_Required action_. A complete and exact copy of the data below is required.

_Supplied information_.
○ ○ ○ ○ ○

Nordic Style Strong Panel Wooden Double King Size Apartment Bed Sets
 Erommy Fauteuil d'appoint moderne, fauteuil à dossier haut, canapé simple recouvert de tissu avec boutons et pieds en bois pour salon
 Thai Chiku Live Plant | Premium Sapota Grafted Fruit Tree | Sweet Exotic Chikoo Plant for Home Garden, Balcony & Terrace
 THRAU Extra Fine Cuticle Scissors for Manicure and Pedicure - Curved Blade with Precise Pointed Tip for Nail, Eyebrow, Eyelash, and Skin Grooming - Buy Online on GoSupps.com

○ ○ ○ ○ ○

_Expected answer_.
Nordic Style Strong Panel Wooden Double King Size Apartment Bed Sets
 Erommy Fauteuil d'appoint moderne, fauteuil à dossier haut, canapé simple recouvert de tissu avec boutons et pieds en bois pour salon
 Thai Chiku Live Plant | Premium Sapota Grafted Fruit Tree | Sweet Exotic Chikoo Plant for Home Garden, Balcony & Terrace
 THRAU Extra Fine Cuticle Scissors for Manicure and Pedicure - Curved Blade with Precise Pointed Tip for Nail, Eyebrow, Eyelash, and Skin Grooming - Buy Online on GoSupps.com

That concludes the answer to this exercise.